The number of people receiving emergency supplies from Trussell Trust foodbanks has more than quintupled since the coalition took power, according to new figures.
Over the last financial year 346,992 people received three days' worth of emergency food compared to 61,468 in 2010/11, a report by the charity said.
It warned the sheer volume of people needing help was a "wake-up call to the nation" and claimed the impact of welfare reforms that came into force this month have already sparked a fresh increase in numbers passing through their doors.
Of those helped over the last year 126,889 were children and most recipients were working-age families, according to the Christian charity.
Its research found 30% of people helped were referred as a result of benefit delays and 15% because of benefit changes. Overall, the charity helped nearly 100,000 more people than it had anticipated.
Foodbank recipients are referred by doctors, social workers, schools liaison officers or advisers at the CAB and Jobcentre Plus.

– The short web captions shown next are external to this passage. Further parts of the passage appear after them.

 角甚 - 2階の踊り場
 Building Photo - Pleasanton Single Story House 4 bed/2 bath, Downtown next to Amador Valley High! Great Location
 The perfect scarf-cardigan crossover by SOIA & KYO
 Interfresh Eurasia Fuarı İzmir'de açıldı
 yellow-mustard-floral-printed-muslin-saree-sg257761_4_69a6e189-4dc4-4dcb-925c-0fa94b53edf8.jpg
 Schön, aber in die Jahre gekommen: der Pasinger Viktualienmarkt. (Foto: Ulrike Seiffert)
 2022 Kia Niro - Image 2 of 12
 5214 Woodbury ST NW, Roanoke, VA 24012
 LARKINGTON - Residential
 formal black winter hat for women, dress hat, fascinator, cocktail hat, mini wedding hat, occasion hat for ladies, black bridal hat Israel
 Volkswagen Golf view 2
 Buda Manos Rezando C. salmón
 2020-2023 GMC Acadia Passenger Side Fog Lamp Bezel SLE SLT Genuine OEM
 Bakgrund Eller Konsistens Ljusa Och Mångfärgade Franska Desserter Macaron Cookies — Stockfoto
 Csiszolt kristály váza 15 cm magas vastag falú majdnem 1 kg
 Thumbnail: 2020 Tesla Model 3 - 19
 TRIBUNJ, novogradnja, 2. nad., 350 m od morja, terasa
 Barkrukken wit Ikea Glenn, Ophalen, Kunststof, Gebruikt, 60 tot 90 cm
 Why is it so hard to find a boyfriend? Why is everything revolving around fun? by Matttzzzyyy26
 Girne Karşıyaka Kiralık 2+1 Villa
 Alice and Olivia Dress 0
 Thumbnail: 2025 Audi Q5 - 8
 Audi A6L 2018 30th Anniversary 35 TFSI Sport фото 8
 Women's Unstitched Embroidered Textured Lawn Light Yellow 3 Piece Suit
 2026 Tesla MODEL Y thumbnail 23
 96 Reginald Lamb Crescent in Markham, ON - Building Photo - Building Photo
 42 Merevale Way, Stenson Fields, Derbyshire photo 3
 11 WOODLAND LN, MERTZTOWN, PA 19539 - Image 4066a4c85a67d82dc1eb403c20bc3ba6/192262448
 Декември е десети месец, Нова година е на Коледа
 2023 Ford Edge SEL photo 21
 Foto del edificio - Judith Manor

The Trussell Trust said its figures "do not represent discreet individuals as some people will have experienced more than one crisis in a year" but added it was the charity's policy to limit support to three crises annually unless there are extenuating circumstances.
Chris Mould, the charity's executive chairman, said: "The sheer volume of people who are turning to foodbanks because they can't afford food is a wake-up call to the nation that we cannot ignore the hunger on our doorstep.
"Politicians across the political spectrum urgently need to recognise the real extent of UK food poverty and create fresh policies that better address its underlying causes.
"This is more important than ever as the impact of the biggest reforms to the welfare state since it began start to take effect."